Real-World Tolerability of Capecitabine and Oxaliplatin (CAPOX) in Localized Colorectal Cancer: Insights from a Single-Institution Analysis

SUMMARY: ColoRectal Cancer (CRC) is the third most common cancer diagnosed in both men and women in the United States. The American Cancer Society estimates that approximately 154,270 new cases of CRC will be diagnosed in the United States in 2025 and about 52,900 patients will die of the disease. The lifetime risk of developing CRC is about 1 in 23. Among patients with Stage II-III CRC, 20-40% will develop metastatic disease.

Approximately 80% of patients present with localized disease, offering an opportunity for curative-intent therapy through surgical resection followed by adjuvant or neoadjuvant treatment approaches. The current standard of care for localized colon cancer involves surgery followed by risk-adapted adjuvant chemotherapy, while patients with localized rectal cancer may receive neoadjuvant chemoradiotherapy or chemotherapy before surgical resection. In select cases, a nonoperative “watch-and-wait” strategy is pursued to preserve organ function following a complete clinical response to neoadjuvant therapy.

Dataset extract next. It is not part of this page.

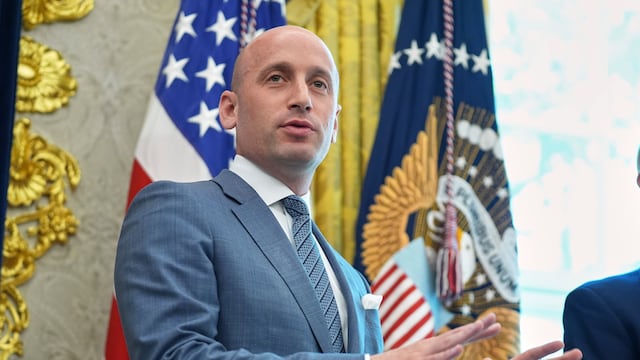 SRE aclarará a Stephen Miller cifras tras declaraciones sobre cárteles en CDMX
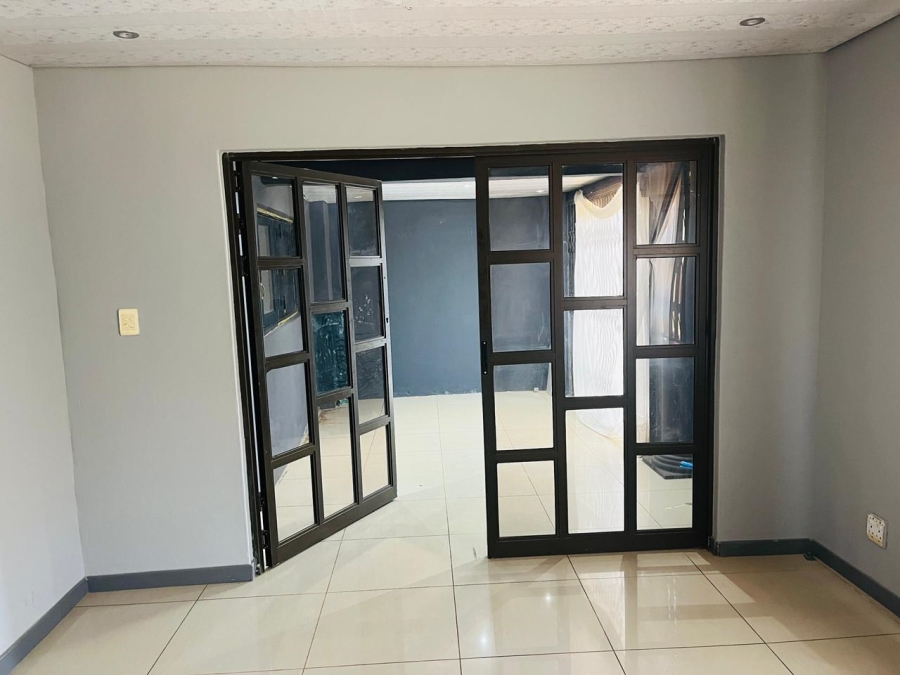 3 Bedroom Property for Sale in Orange Farm Gauteng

Among available chemotherapy regimens, Capecitabine plus Oxaliplatin (CAPOX) has become a mainstay for patients with localized CRC in both adjuvant and neoadjuvant settings.

Rationale for CAPOX Use

Capecitabine (XELODA&reg;), an oral fluoropyrimidine prodrug, is metabolized to 5-Fluorouracil (5-FU) in the liver and tumor tissue. Oxaliplatin, a platinum analog, induces cytotoxicity through DNA crosslinking, leading to apoptosis. The combination of these agents results in synergistic antitumor activity and has demonstrated robust efficacy in CRC.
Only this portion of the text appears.